Transcribe only the part of the material below that begins at the line containing "5800 Coach House Cir E, Boca Raton, FL 33486" and ends at the line containing "Women's Lightweight Lace-Up Casual Trainers", with both kept and images left out.

[[ Supplied records, beginning ]]

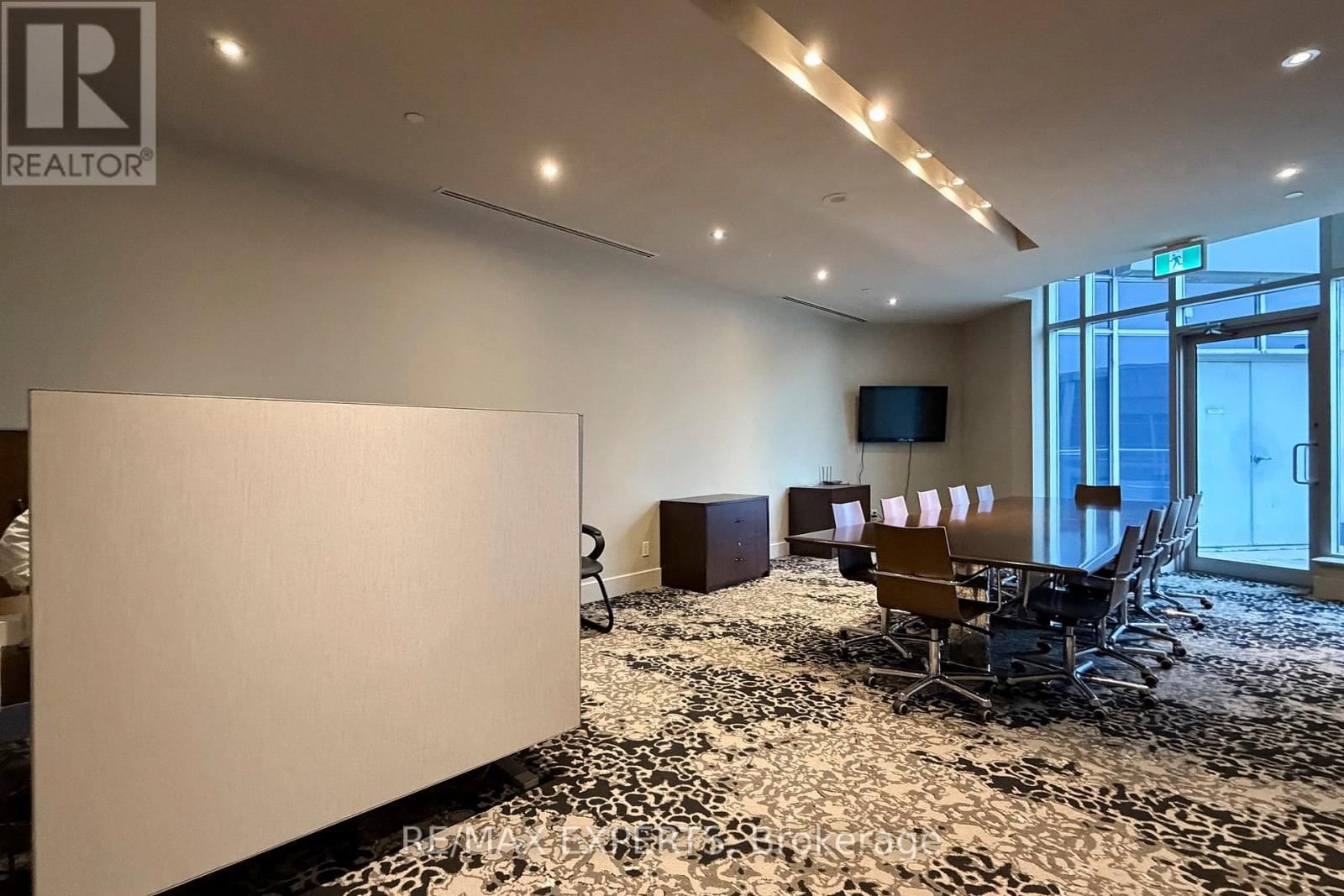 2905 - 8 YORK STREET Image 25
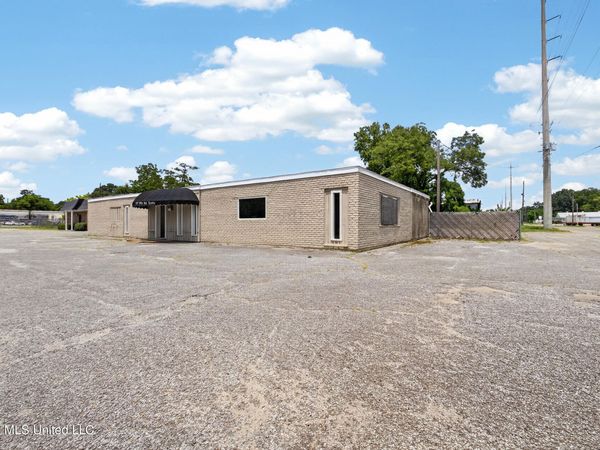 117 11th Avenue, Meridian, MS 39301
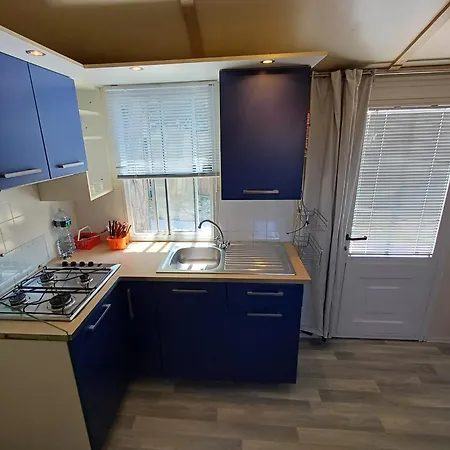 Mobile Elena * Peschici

[[ Supplied records, end ]]
[[ Supplied records, beginning ]]

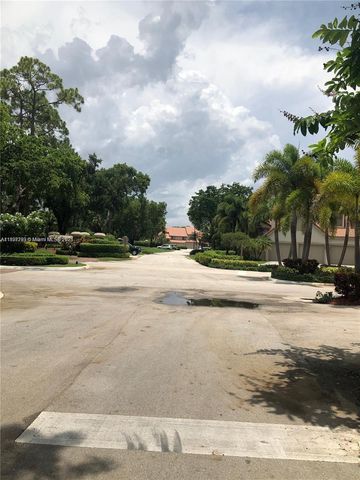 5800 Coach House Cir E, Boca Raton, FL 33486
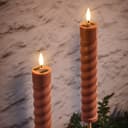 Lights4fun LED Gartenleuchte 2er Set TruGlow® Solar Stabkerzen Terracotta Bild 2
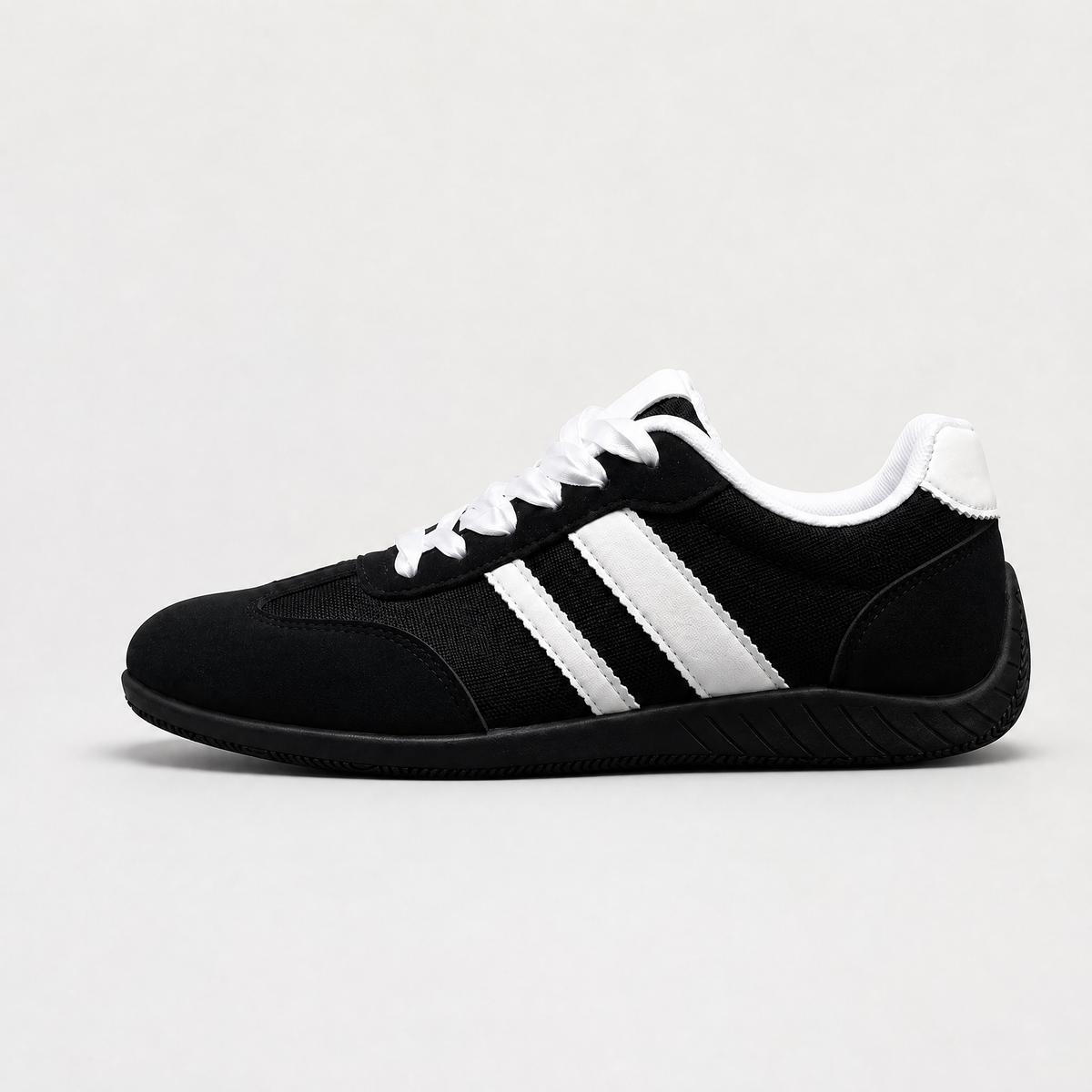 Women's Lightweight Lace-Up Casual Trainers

[[ Supplied records, end ]]
[[ Supplied records, beginning ]]

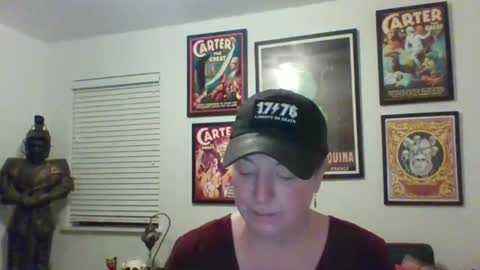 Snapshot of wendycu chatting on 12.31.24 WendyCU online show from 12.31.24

[[ Supplied records, end ]]

Task response:
 5800 Coach House Cir E, Boca Raton, FL 33486
 Lights4fun LED Gartenleuchte 2er Set TruGlow® Solar Stabkerzen Terracotta Bild 2
 Women's Lightweight Lace-Up Casual Trainers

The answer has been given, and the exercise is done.